-- WHAT YOU SHOULD DO --
Can the lines below, from the one that holds "a bedroom decorated" to the very end, be echoed exactly, with both ends included and no pictures?

-- INFORMATION PROVIDED --
○ ○ ○ ○
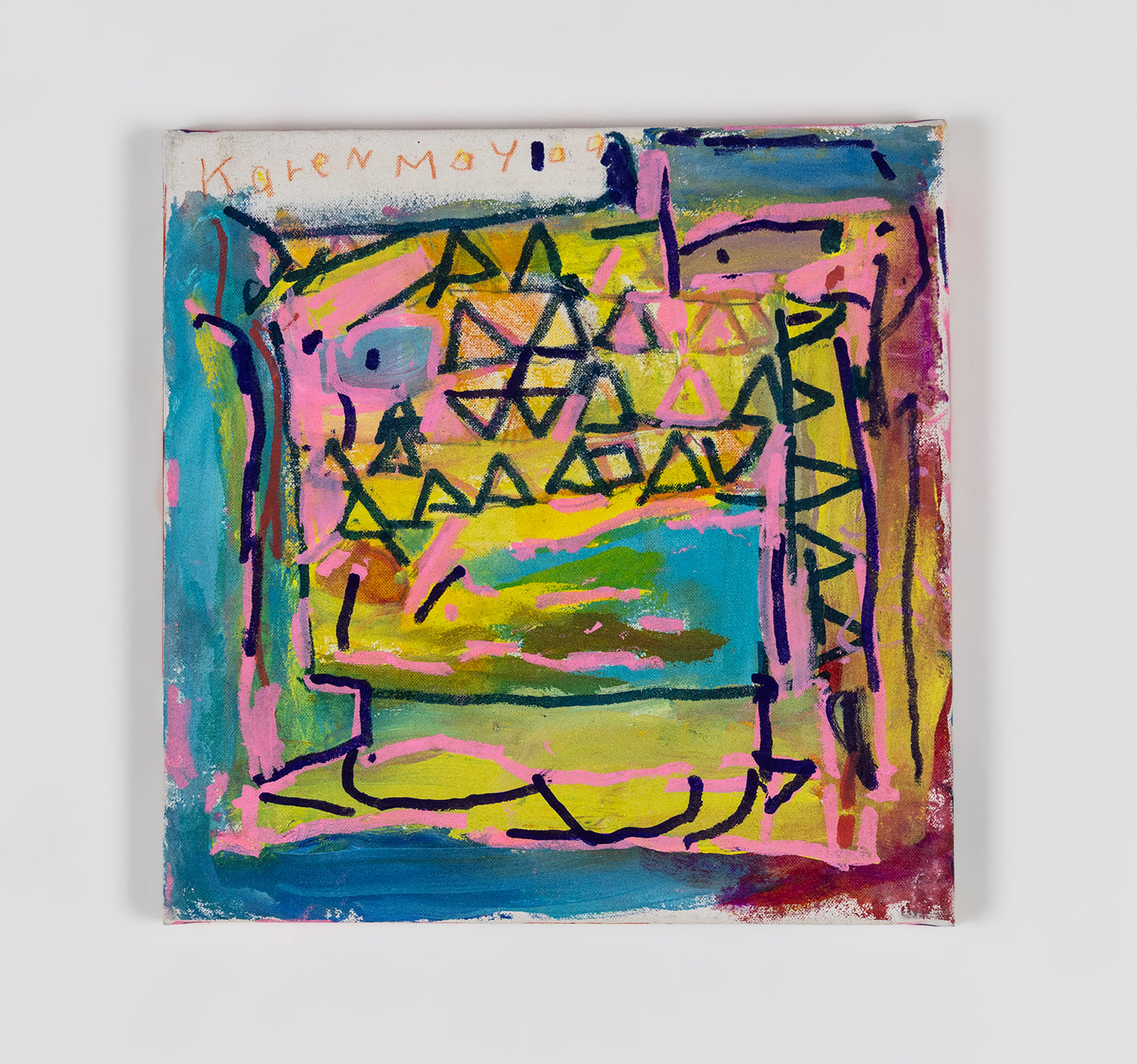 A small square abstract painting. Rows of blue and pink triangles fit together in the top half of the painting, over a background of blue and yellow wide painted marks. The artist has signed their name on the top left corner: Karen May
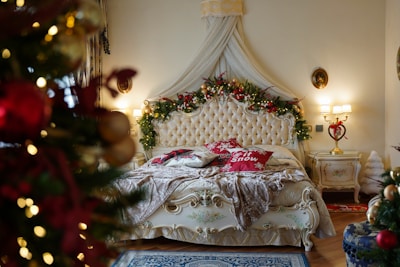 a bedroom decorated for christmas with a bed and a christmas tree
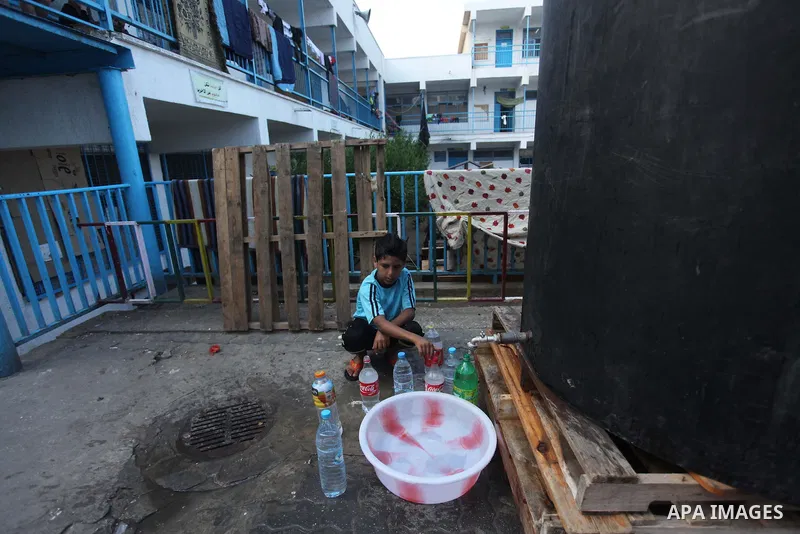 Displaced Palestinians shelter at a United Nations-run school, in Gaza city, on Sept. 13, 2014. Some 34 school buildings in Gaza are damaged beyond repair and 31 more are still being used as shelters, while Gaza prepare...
○ ○ ○ ○
-- ANSWER TO THIS PROBLEM --
 a bedroom decorated for christmas with a bed and a christmas tree
 Displaced Palestinians shelter at a United Nations-run school, in Gaza city, on Sept. 13, 2014. Some 34 school buildings in Gaza are damaged beyond repair and 31 more are still being used as shelters, while Gaza prepare...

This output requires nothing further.